The Spectator

Old New Labour

After nine years, the one thing this administration cannot possibly claim to be is ‘new’

issue 02 September 2006

‘New, new, new,’ Tony Blair told a meeting of European socialist leaders shortly after becoming Prime Minister, ‘everything is new.’ Embarrassing at the time, that declaration now seems merely a distant and risible memory. For, after nine years, the one thing this administration cannot possibly claim to be is ‘new’.

In his original campaign for office between 1994 and 1997, Mr Blair presented novelty as a good in itself. By relabelling Labour as ‘New’, he signalled not only that the party of old-fashioned socialism had changed, but that it offered a fresh and vernal alternative to the Conservative winter. Underpinning this was the false implication that mere novelty would translate into change for the national good: a radical improvement in the lives of the electorate would follow the ‘dawn’ of 2 May 1997.

In myriad ways, that claim has now been tested to destruction. The latest OECD figures show that Britain now faces a heavier tax burden than Germany.

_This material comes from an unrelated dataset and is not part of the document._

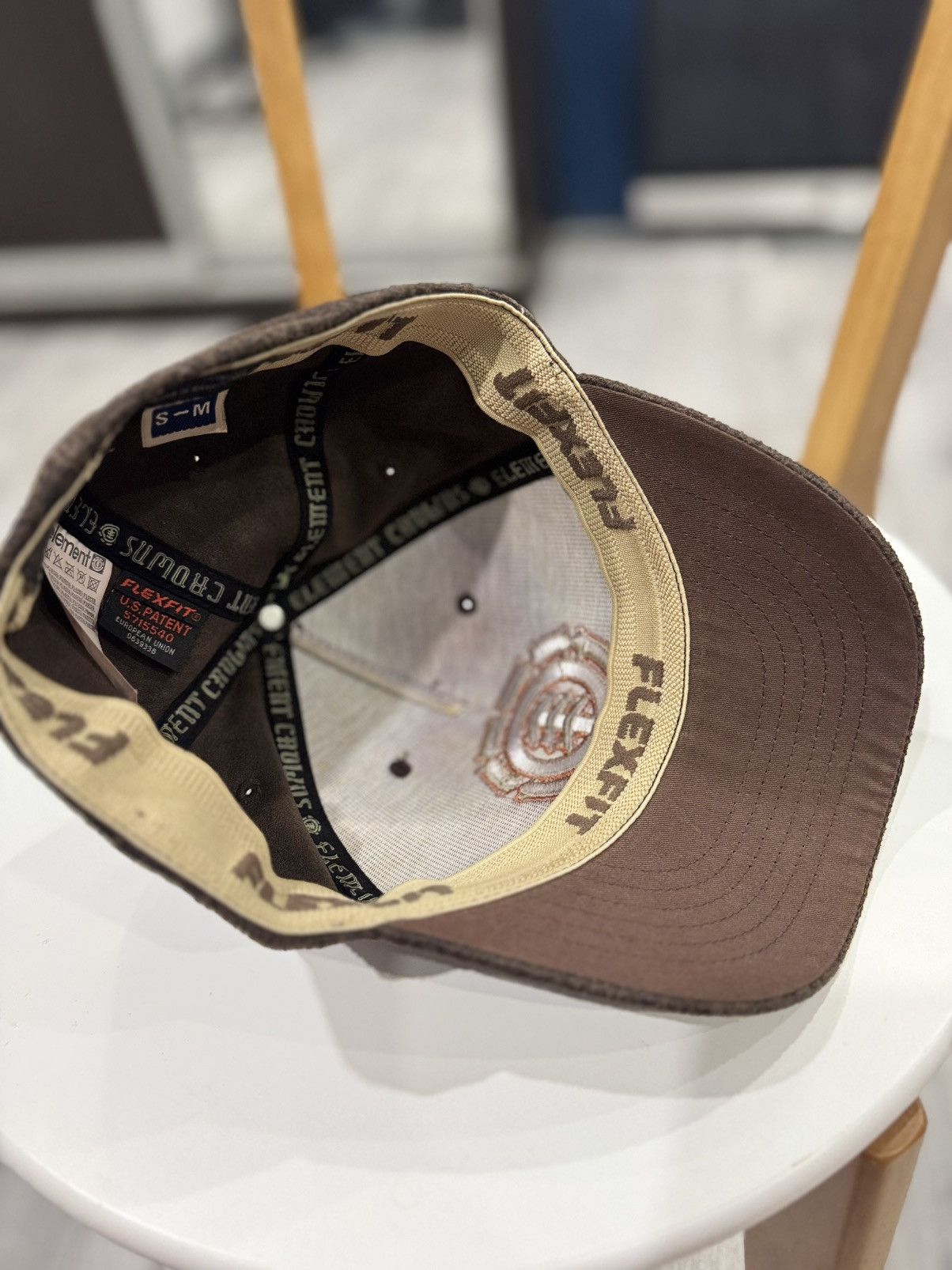 Element Vintage Element crowns flexfit hat Size ONE SIZE - 5 Thumbnail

The value for money offered to the taxpayer is appalling: productivity in the NHS has fallen, though spending on health has doubled since 1997. Grade inflation has placed intolerable pressure on a generation of teenagers to take ever more GCSEs and A-levels in order to distinguish themselves from their peers, while the repeatedly promised flourishing of diversity and ‘post-comprehensive’ excellence in state schools has conspicuously failed to materialise. So too has the revolution in the welfare system that was central to Mr Blair’s pitch for office in 1997.

Violent crime and antisocial behaviour are rising. As recent statistics have shown, the government has no idea how its own immigration system is operating. It resorts, then, to lecturing us about fitness, deputing the health minister Caroline Flint to be a sort of national personal trainer.